The wide use of water exercise, specifically water running, as an effective rehabilitation therapy is well documented, it serves the needs of a wide variety of clinical conditions ranging from young athletes and recreational exercisers who suffer from lower extremity injuries to older individuals who have had hip or knee replacements (Ehrman et al., 2003; Hertling and Kessler, 1996). Other pathological conditions served by this rehabilitative medium include but are not limited to obesity, arthritis, and peripheral vascular disease (American College of Sports Medicine, 2002). Water running is also a popular water based fitness medium for recreational fitness enthusiasts of all ages (Gehring et al., 1997; Reilly et al., 2003; Yamaji et al., 1990). However, there are no published submaximal running water protocols that can be used to predict maximal oxygen uptake (VO₂ max) and therefore be used to document observed outcomes. Outcomes have been defined as the end result of medical interventions and processes (Jenkinson, 1994) or a change in the health of an individual which is attributable to an intervention or series of interventions (New South Wales, 1992). Outcome assessments following a rehabilitation program are becoming increasingly important in health care reimbursement decisions. Ideally, the testing protocol used as an assessment tool to document outcomes following an intervention program should closely represent the training environment (Wilmore and Costill, 2003).
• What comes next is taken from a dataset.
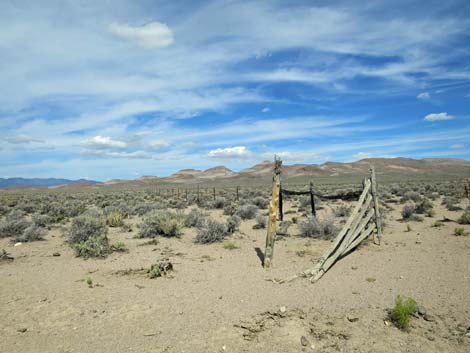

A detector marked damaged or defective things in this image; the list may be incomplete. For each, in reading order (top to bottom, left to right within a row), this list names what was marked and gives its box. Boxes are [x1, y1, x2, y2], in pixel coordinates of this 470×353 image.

broken wooden fence [282, 166, 382, 282]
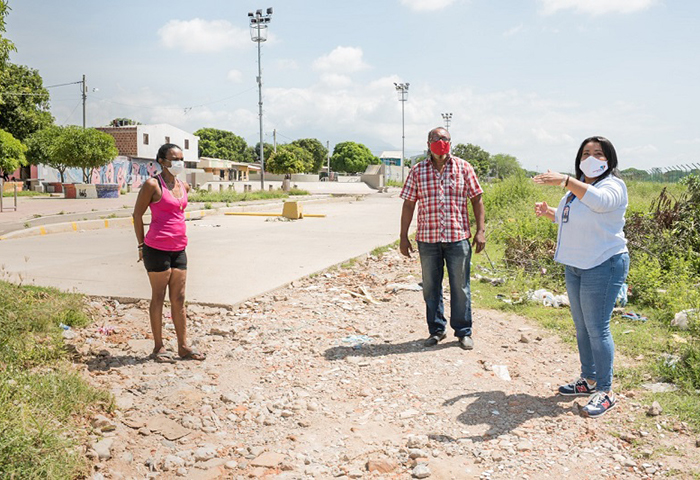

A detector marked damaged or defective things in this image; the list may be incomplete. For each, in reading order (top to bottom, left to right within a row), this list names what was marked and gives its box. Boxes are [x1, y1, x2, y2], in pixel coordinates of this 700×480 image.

Even though the open-circuit calorimetry or direct measurement of VO₂ max has been recognized as the most accurate method of evaluating cardiorespiratory fitness, the method is laborious and intricate, and can only be performed in a well-equipped laboratory. These limitations have led to the development of a variety of protocols to predict VO₂max from a submaximal effort. In the aquatic environment, the most widely used submaximal test is the 12 min swimming test (Conley et al., 1991). In addition to the time constraints imposed by this test, a lap pool is needed for testing, and the test depends heavily on swimming stroke skill.

Given the popularity of water based fitness and rehabilitative training programs and the concomitant lack of published submaximal water tests to predict VO₂max, the purpose of this study was to design a submaximal water running protocol using theoretical variables to predict VO₂max and to minimize confounding variables that would affect the heart rate response in the water, as speculated in the literature. While it is widely accepted that heart rate response to submaximal land exercise is a valid and reliable predictor of VO₂max, water exercise heart rate responses are confounded by many variables including but not limited to the temperature of the water, the depth of the water, mechanical efficiency, stride frequency, body surface area, whether or not the participant was wearing a flotation device, and the body composition of the participant (Costill et al., 1967; Pohl and McNaughton, 2003; Reilly et al., 2003; Town and Bradley, 1990; Yamaji et al., 1990). Therefore, these variables must be considered in the research design.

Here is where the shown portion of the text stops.